> TASK STATEMENT
Omitting the pictures, restate all of the entries below exactly.

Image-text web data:
========================

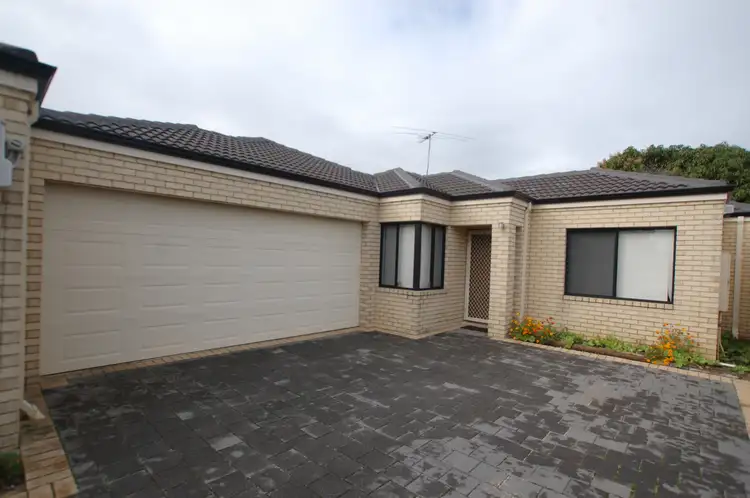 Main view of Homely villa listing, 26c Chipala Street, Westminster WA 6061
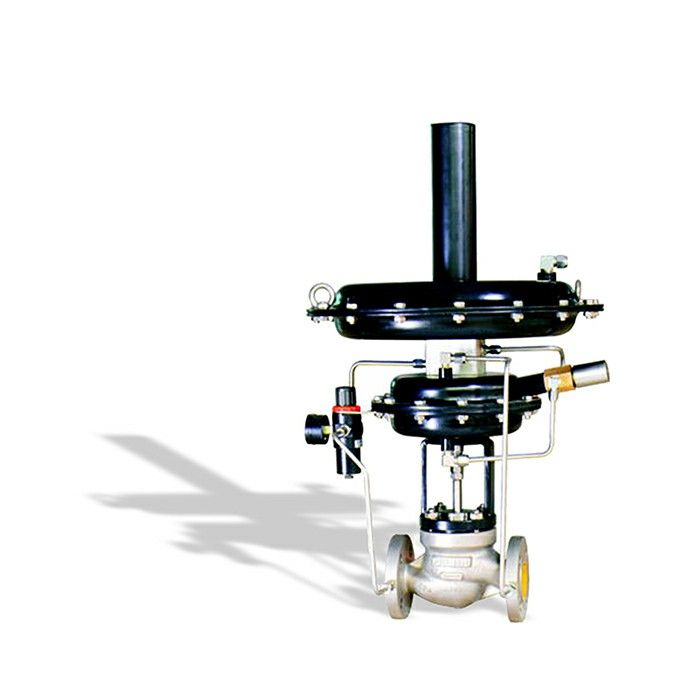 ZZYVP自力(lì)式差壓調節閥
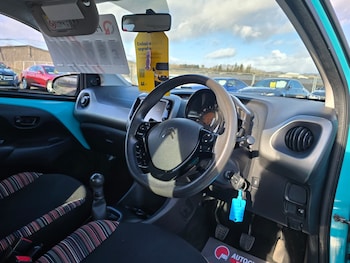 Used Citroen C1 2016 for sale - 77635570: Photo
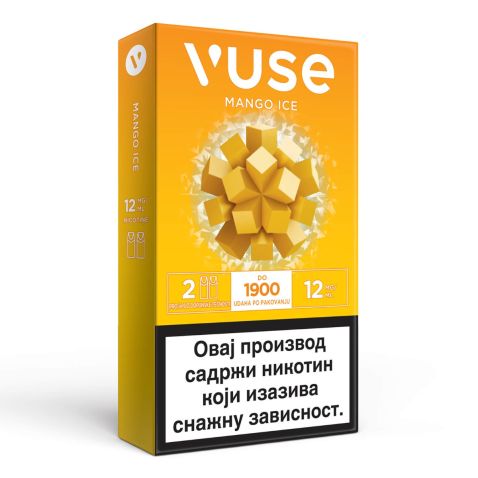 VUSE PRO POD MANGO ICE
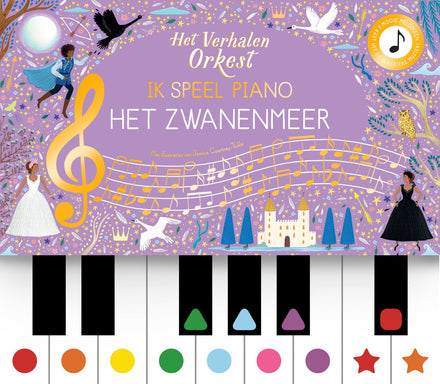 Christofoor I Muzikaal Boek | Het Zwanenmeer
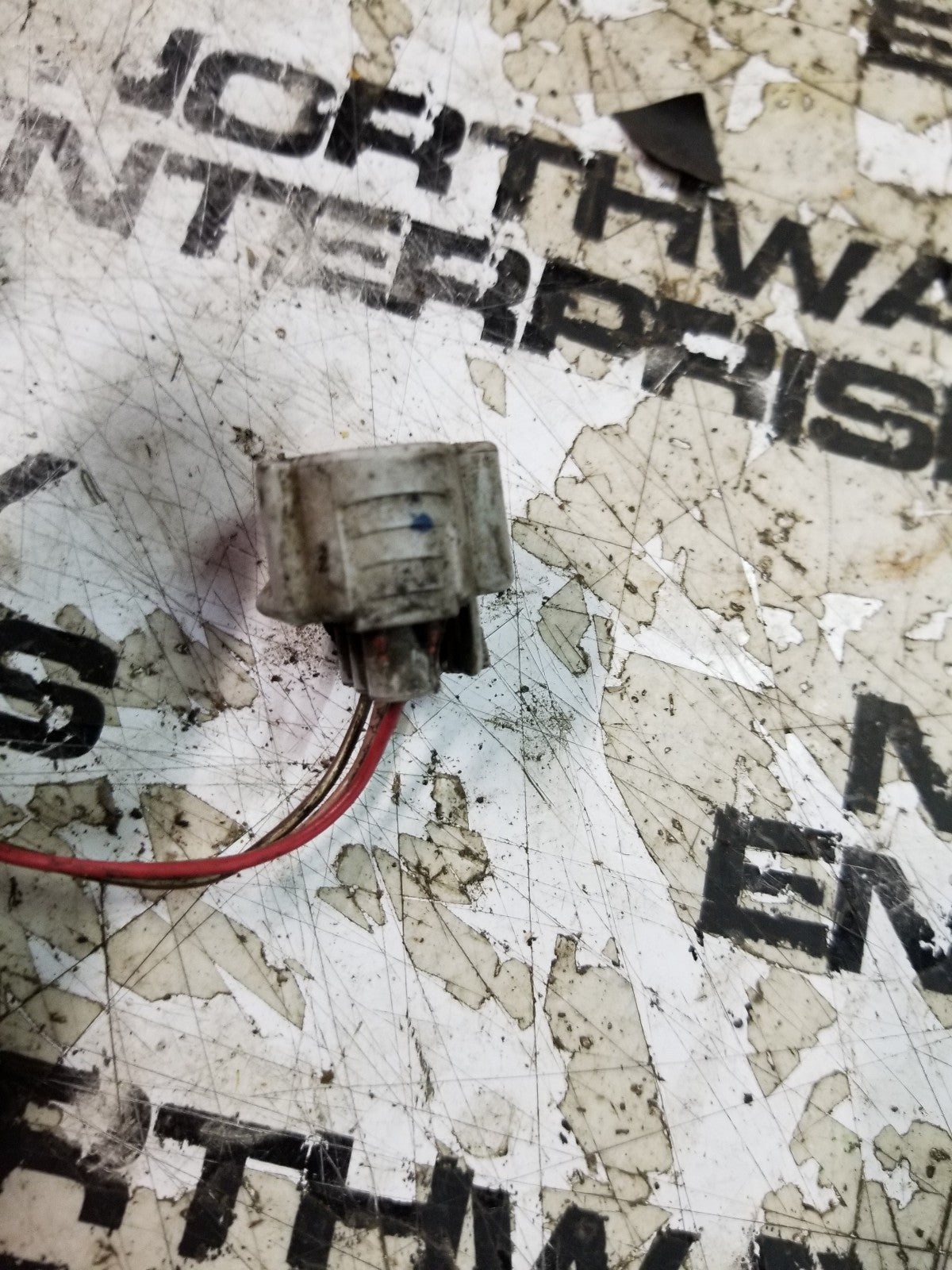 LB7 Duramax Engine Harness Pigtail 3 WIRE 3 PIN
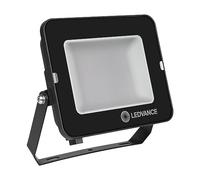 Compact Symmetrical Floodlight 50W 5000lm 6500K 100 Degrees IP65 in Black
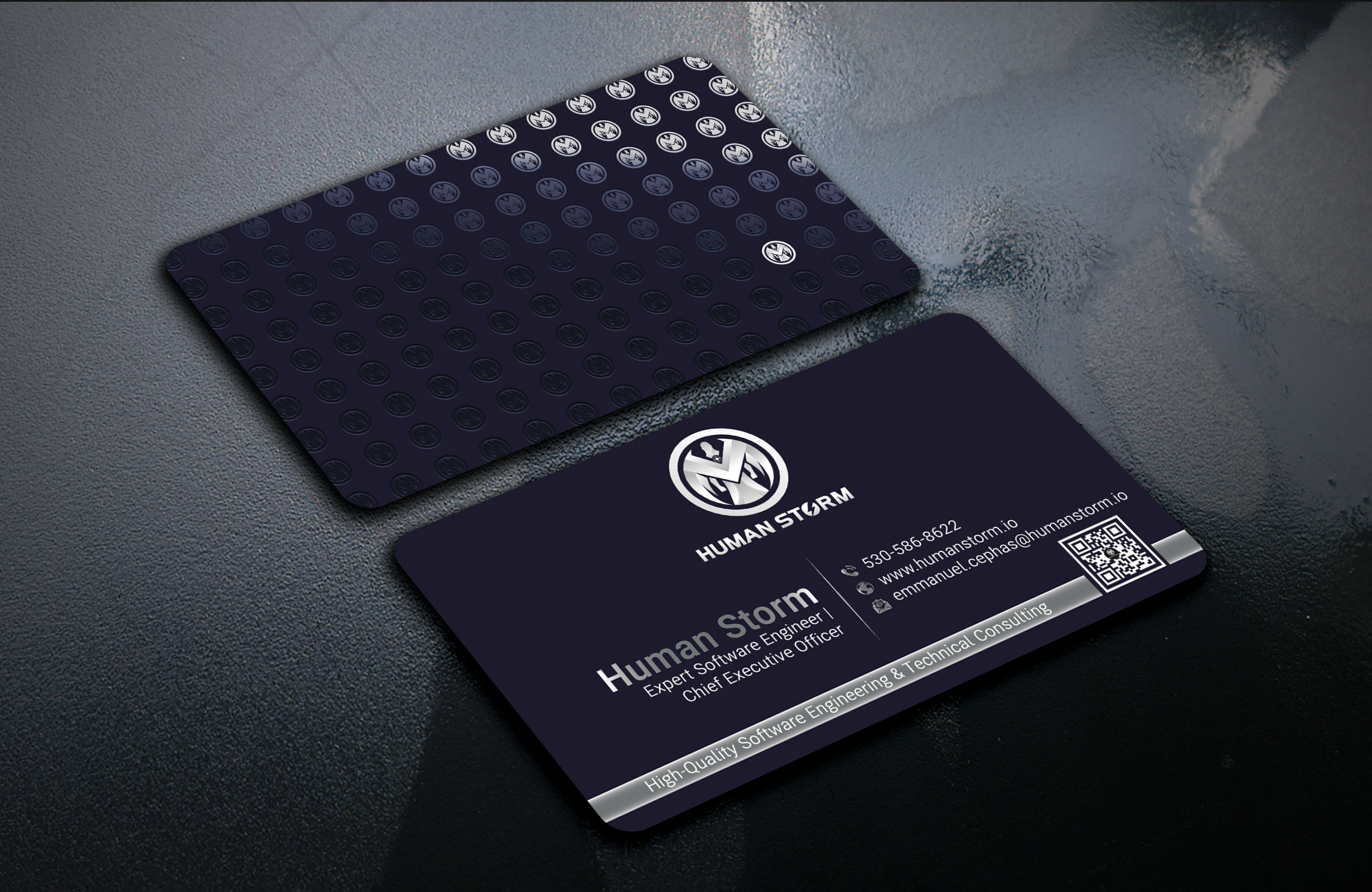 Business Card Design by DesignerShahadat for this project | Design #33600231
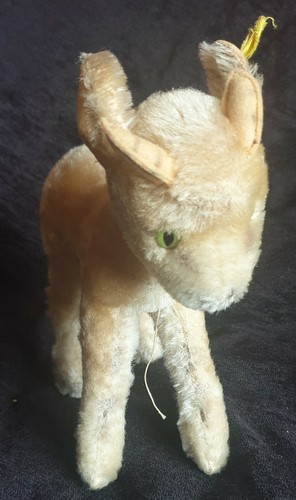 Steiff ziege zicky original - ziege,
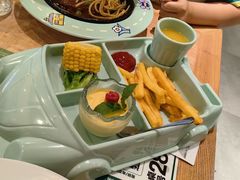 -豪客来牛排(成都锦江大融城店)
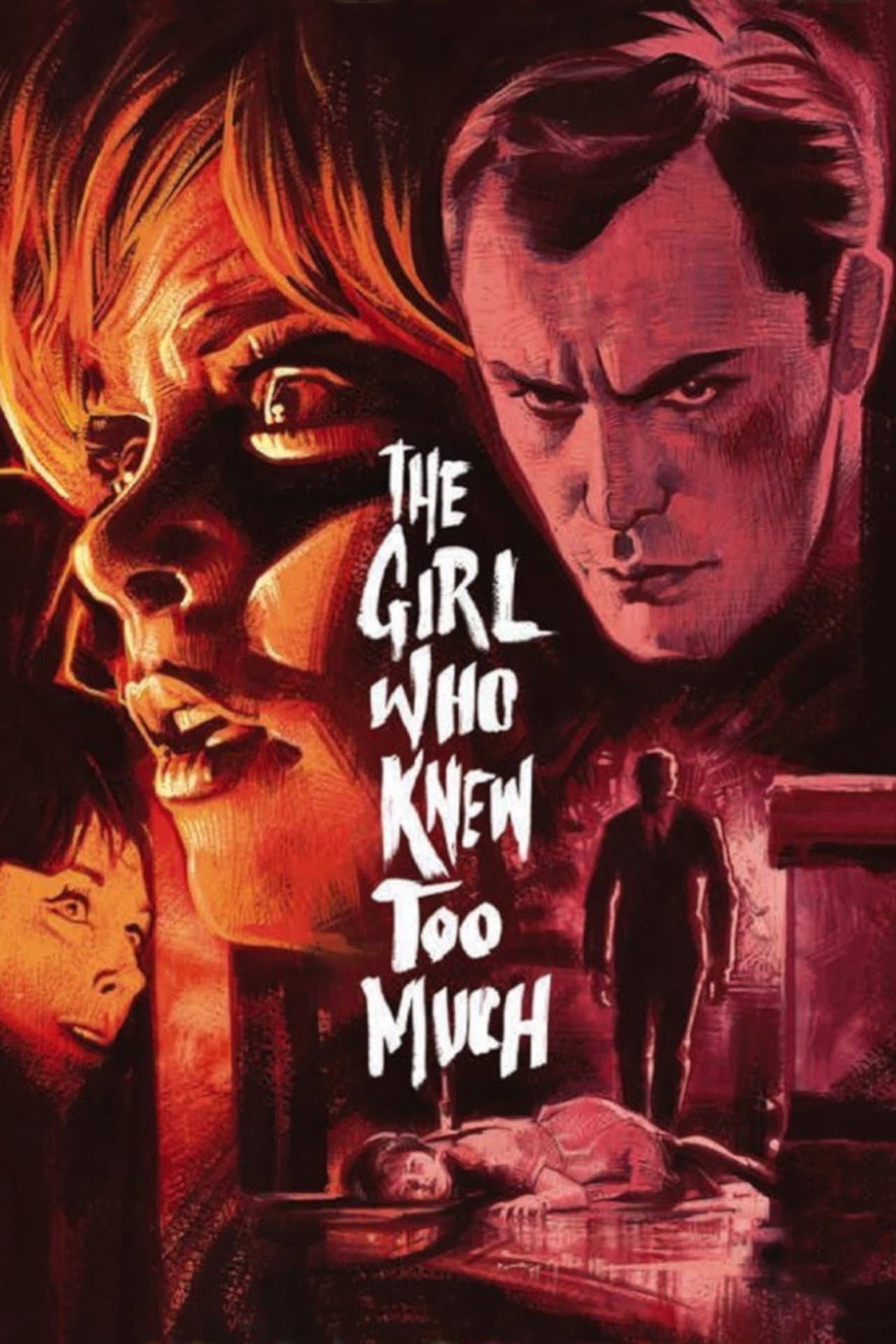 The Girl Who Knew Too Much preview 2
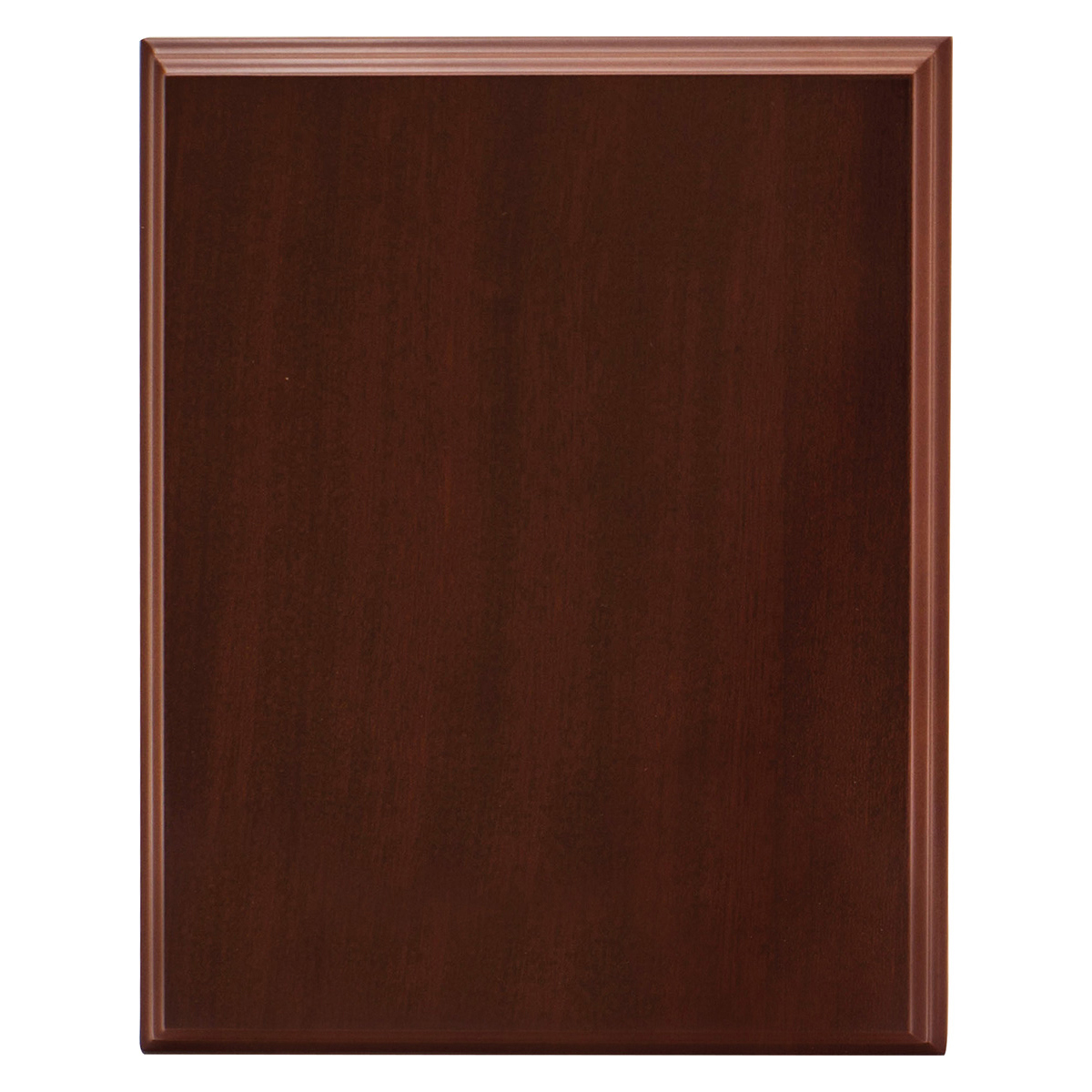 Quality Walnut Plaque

========================

> WRITTEN REPLY
 Main view of Homely villa listing, 26c Chipala Street, Westminster WA 6061
 ZZYVP自力(lì)式差壓調節閥
 Used Citroen C1 2016 for sale - 77635570: Photo
 VUSE PRO POD MANGO ICE
 Christofoor I Muzikaal Boek | Het Zwanenmeer
 LB7 Duramax Engine Harness Pigtail 3 WIRE 3 PIN
 Compact Symmetrical Floodlight 50W 5000lm 6500K 100 Degrees IP65 in Black
 Business Card Design by DesignerShahadat for this project | Design #33600231
 Steiff ziege zicky original - ziege,
 -豪客来牛排(成都锦江大融城店)
 The Girl Who Knew Too Much preview 2
 Quality Walnut Plaque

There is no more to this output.